» STORED DATA
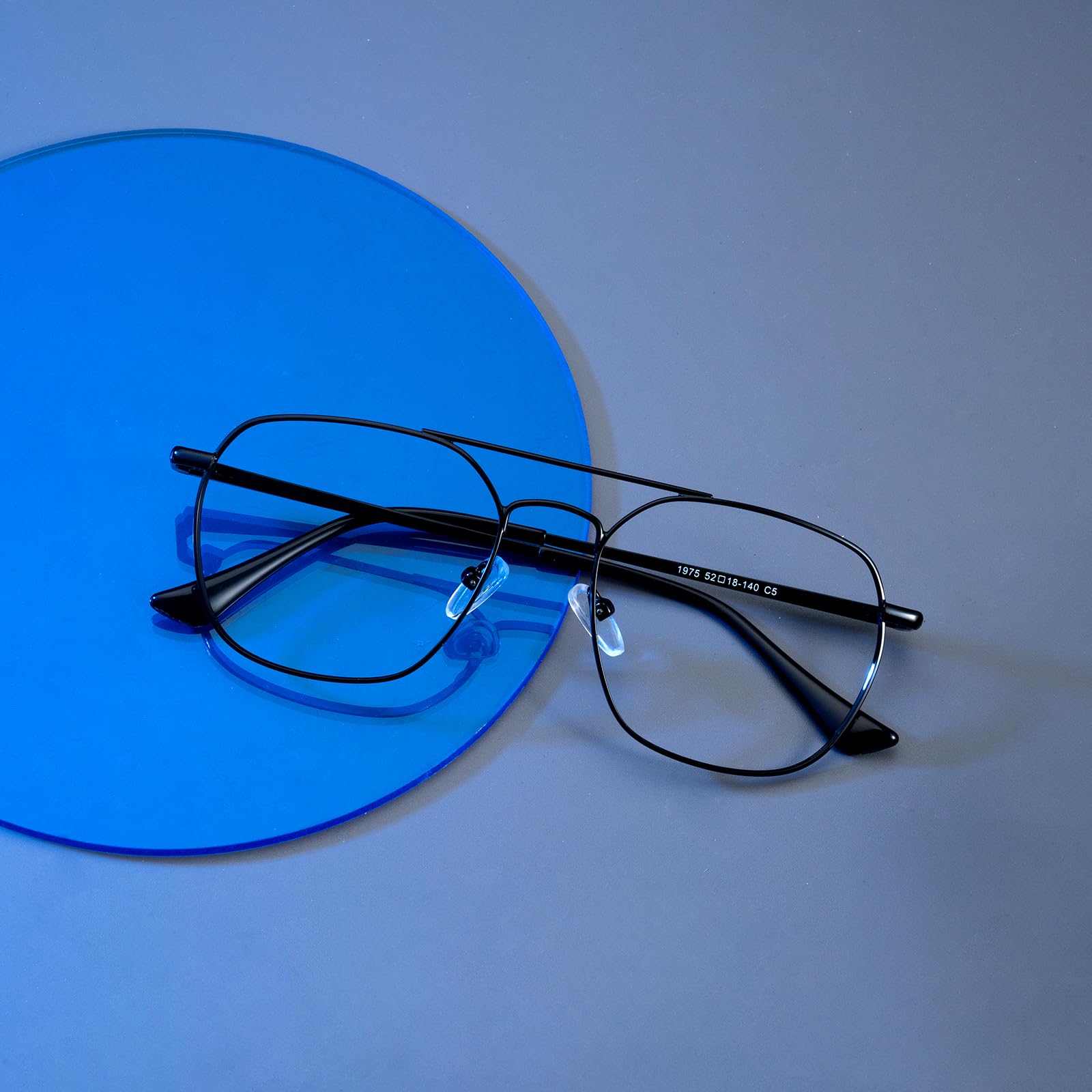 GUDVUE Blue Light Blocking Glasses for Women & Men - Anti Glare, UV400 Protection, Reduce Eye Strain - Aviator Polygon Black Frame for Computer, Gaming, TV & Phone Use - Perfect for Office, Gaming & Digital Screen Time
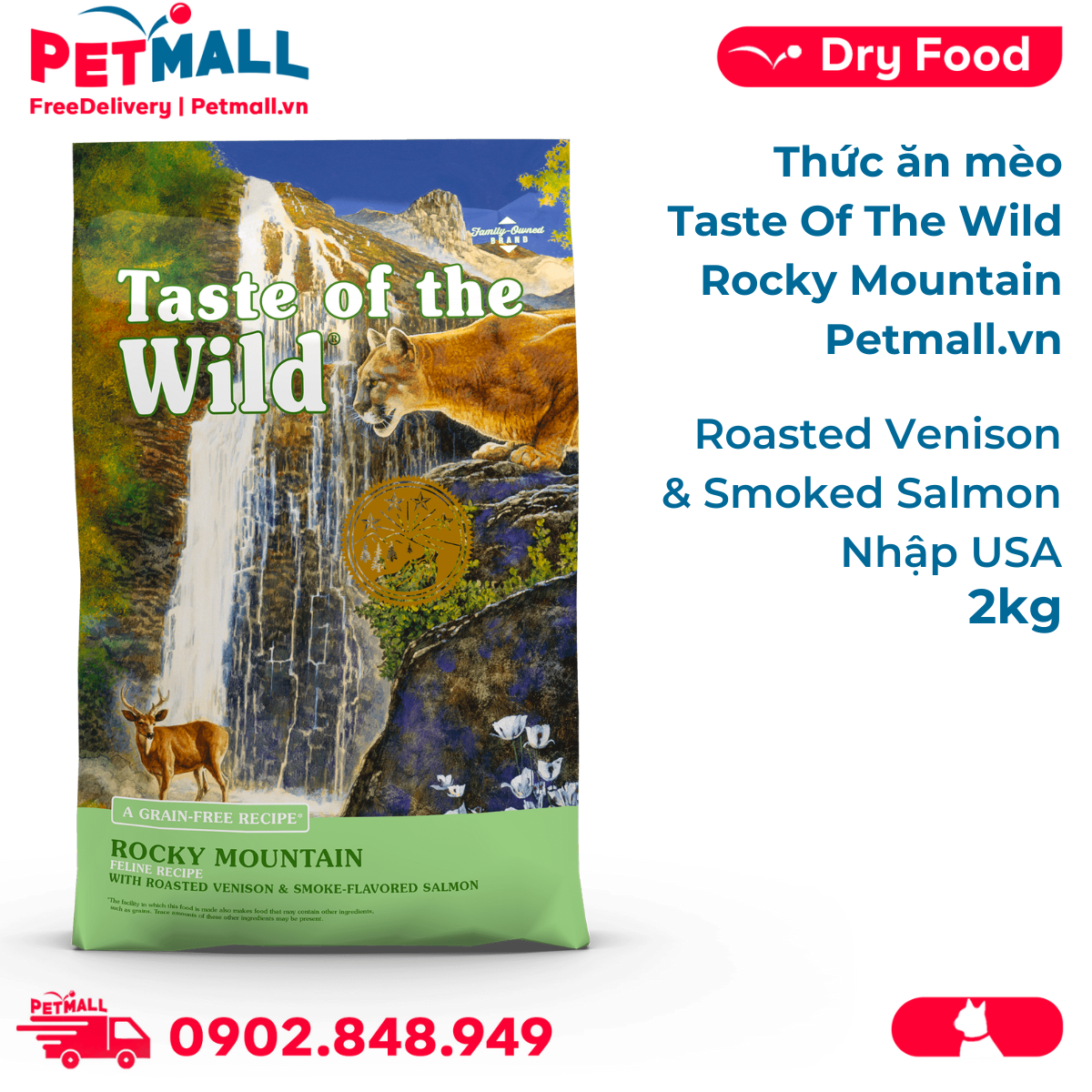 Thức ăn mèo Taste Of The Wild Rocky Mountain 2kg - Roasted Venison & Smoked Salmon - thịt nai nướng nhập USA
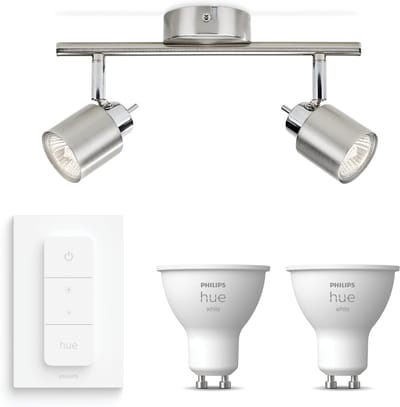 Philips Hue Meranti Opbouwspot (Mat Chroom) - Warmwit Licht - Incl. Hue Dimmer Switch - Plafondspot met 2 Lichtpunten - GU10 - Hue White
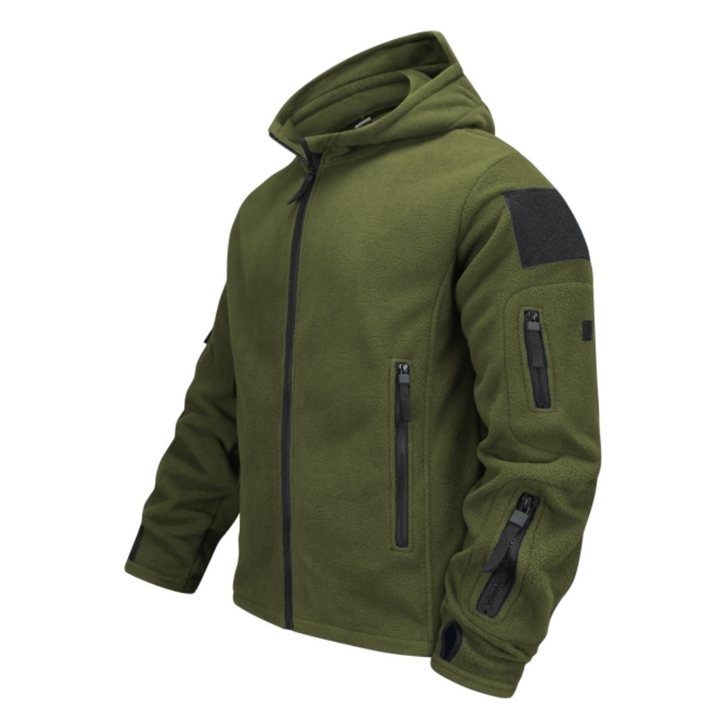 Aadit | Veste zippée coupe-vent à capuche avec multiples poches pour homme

» TO DO
Before copying the material, set its pictures aside; then transcribe it word for word.

» WRITTEN RESPONSE
 GUDVUE Blue Light Blocking Glasses for Women & Men - Anti Glare, UV400 Protection, Reduce Eye Strain - Aviator Polygon Black Frame for Computer, Gaming, TV & Phone Use - Perfect for Office, Gaming & Digital Screen Time
 Thức ăn mèo Taste Of The Wild Rocky Mountain 2kg - Roasted Venison & Smoked Salmon - thịt nai nướng nhập USA
 Philips Hue Meranti Opbouwspot (Mat Chroom) - Warmwit Licht - Incl. Hue Dimmer Switch - Plafondspot met 2 Lichtpunten - GU10 - Hue White
 Aadit | Veste zippée coupe-vent à capuche avec multiples poches pour homme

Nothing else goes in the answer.